§ What is being asked
Once you find the line with "M.P. Studios SZ" in the listing below, set down exactly every line from it through the line with "Stara Wieś. Staruszka", but no pictures.

§ Supplied entries
◇ ◇ ◇ ◇ ◇

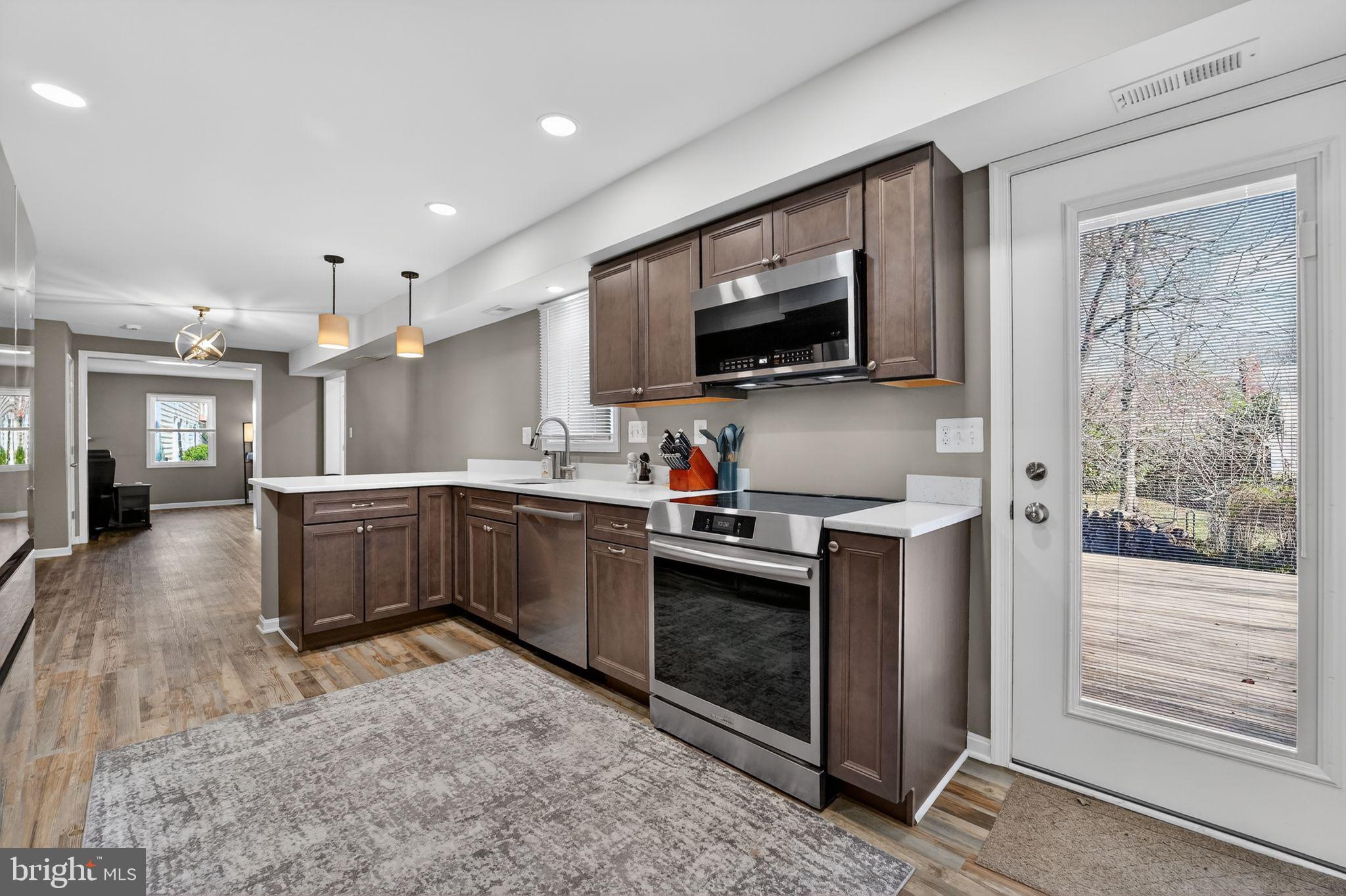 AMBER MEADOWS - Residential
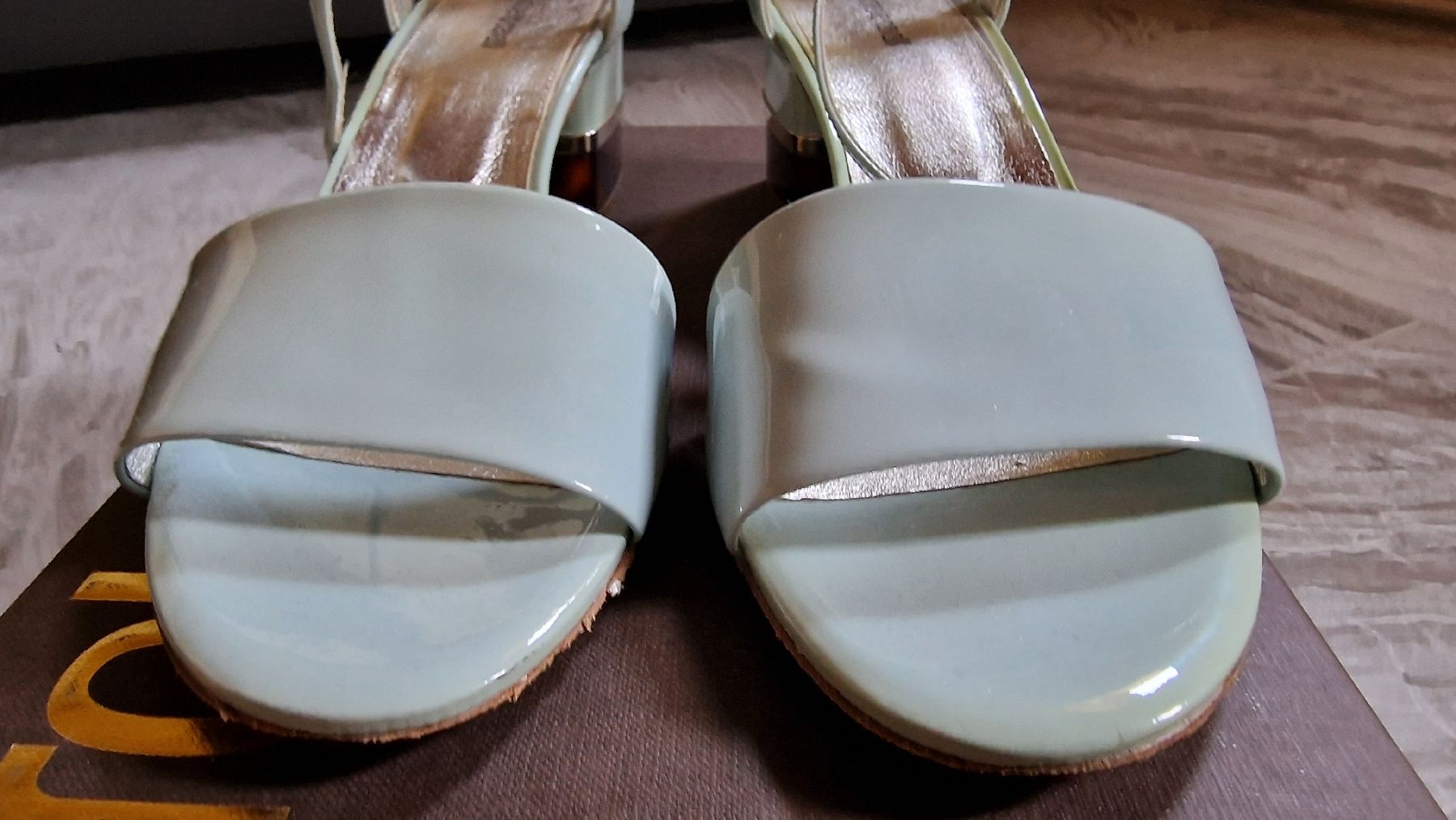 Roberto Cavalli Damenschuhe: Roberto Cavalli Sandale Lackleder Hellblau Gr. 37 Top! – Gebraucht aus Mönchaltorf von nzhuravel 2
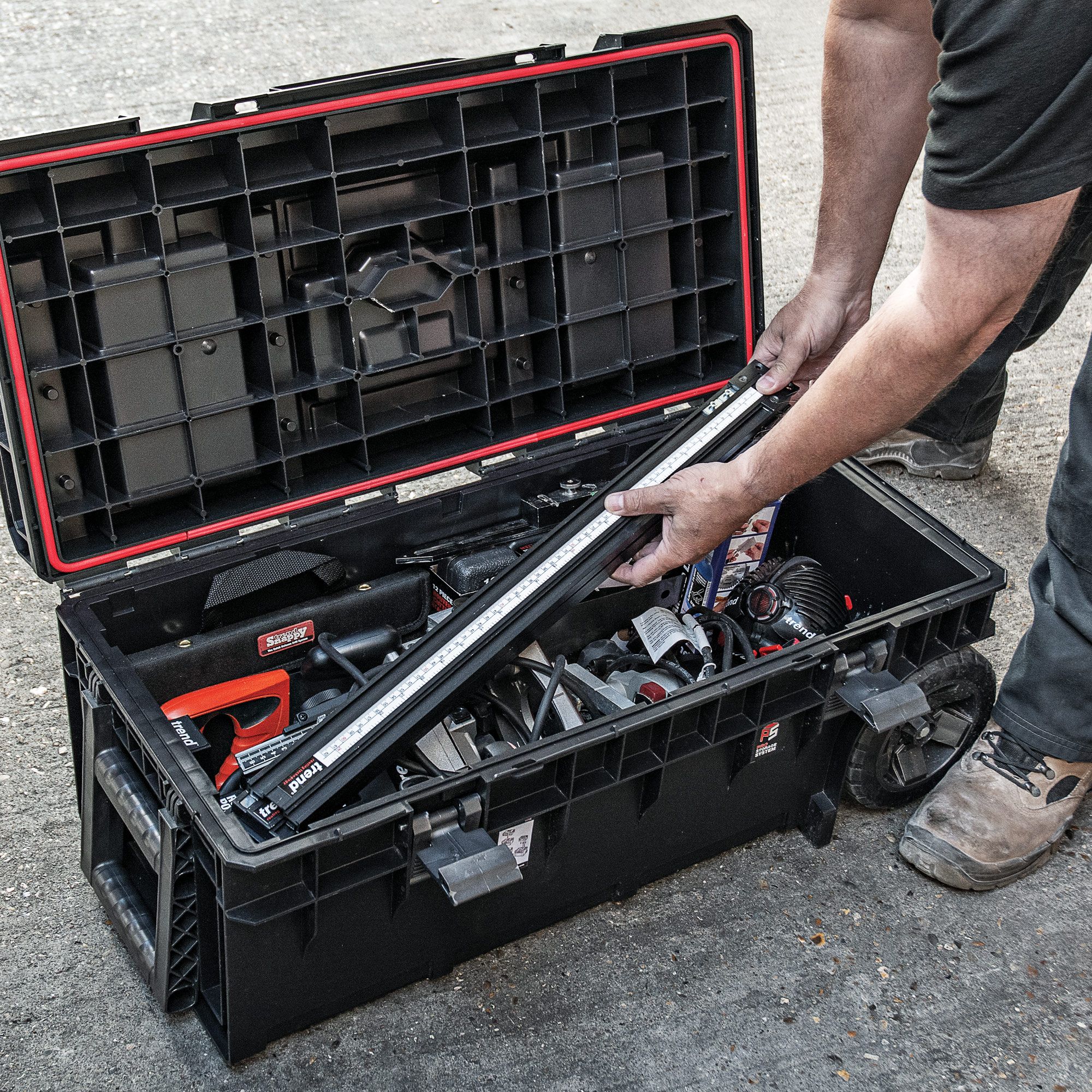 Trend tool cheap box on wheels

◇ ◇ ◇ ◇ ◇

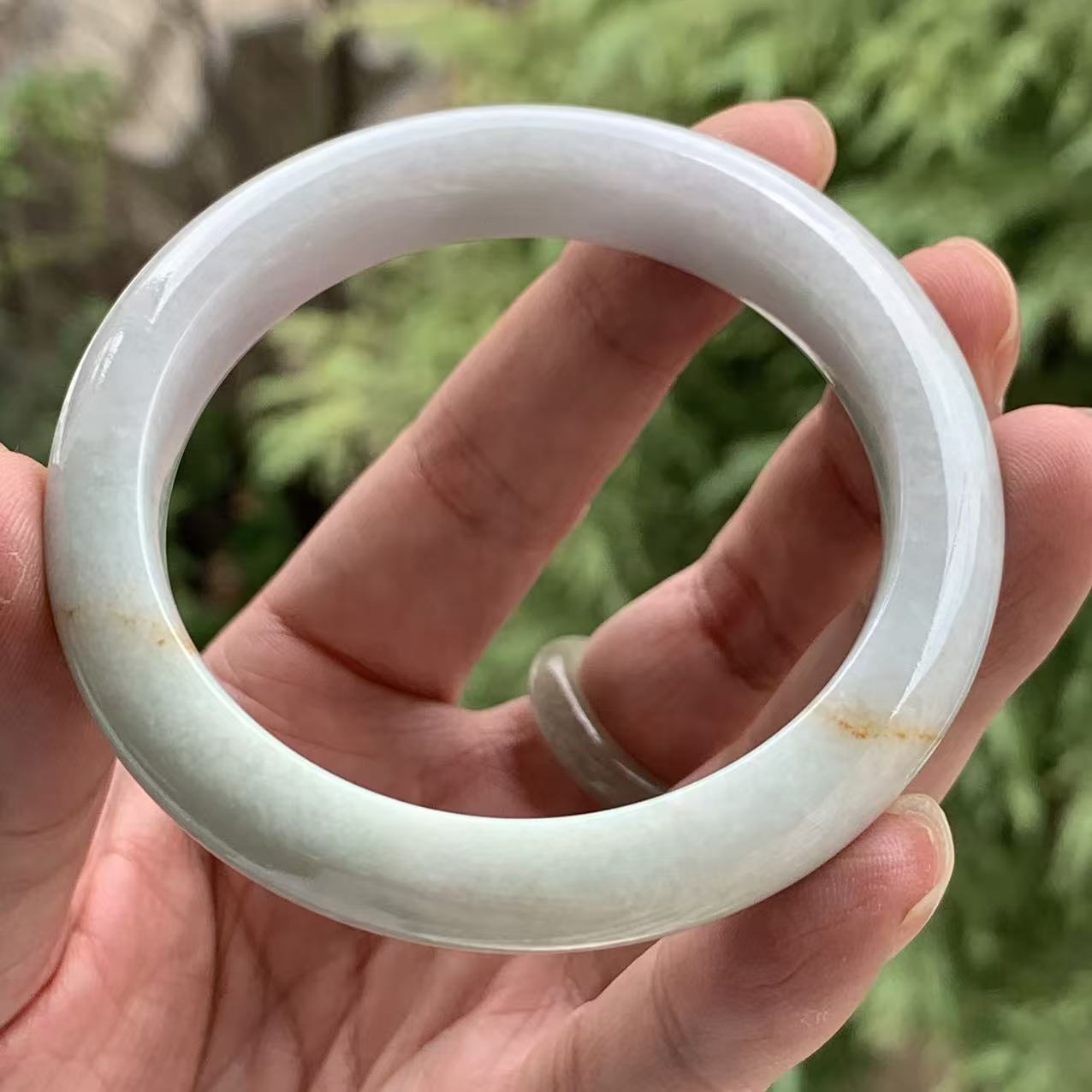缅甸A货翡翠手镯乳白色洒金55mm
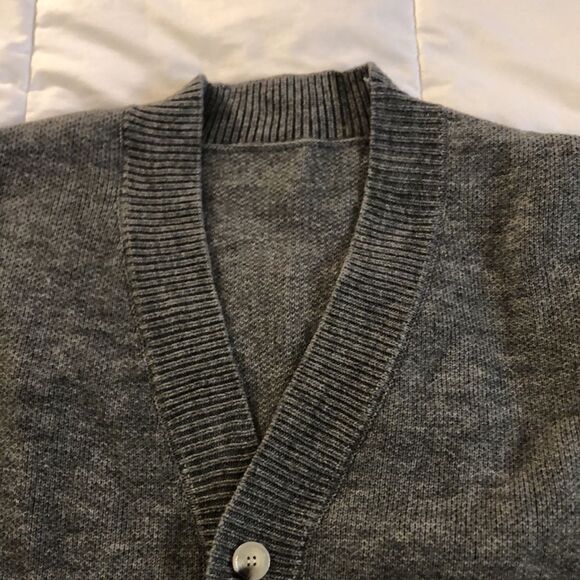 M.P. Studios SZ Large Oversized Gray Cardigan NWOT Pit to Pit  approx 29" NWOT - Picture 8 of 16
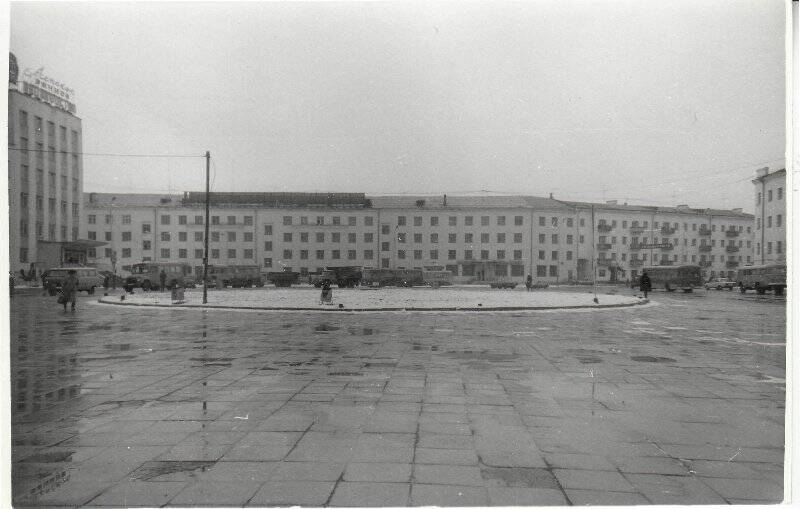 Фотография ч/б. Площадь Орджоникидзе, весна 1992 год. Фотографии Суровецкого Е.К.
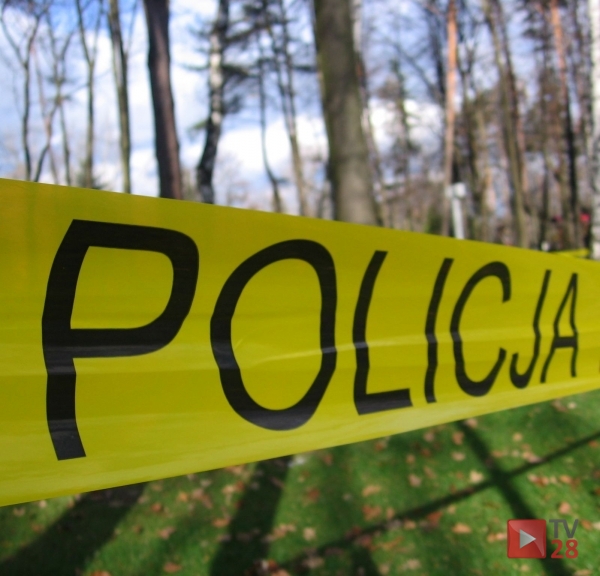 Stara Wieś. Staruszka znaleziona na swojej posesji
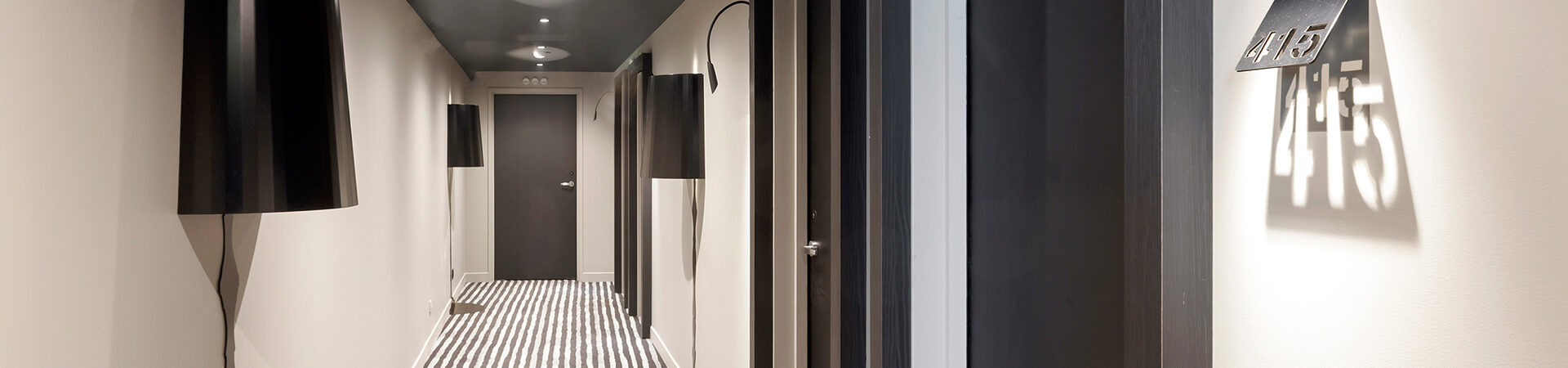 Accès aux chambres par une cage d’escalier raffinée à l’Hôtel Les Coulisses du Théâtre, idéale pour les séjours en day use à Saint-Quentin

◇ ◇ ◇ ◇ ◇

§ Exercise output
 M.P. Studios SZ Large Oversized Gray Cardigan NWOT Pit to Pit  approx 29" NWOT - Picture 8 of 16
 Фотография ч/б. Площадь Орджоникидзе, весна 1992 год. Фотографии Суровецкого Е.К.
 Stara Wieś. Staruszka znaleziona na swojej posesji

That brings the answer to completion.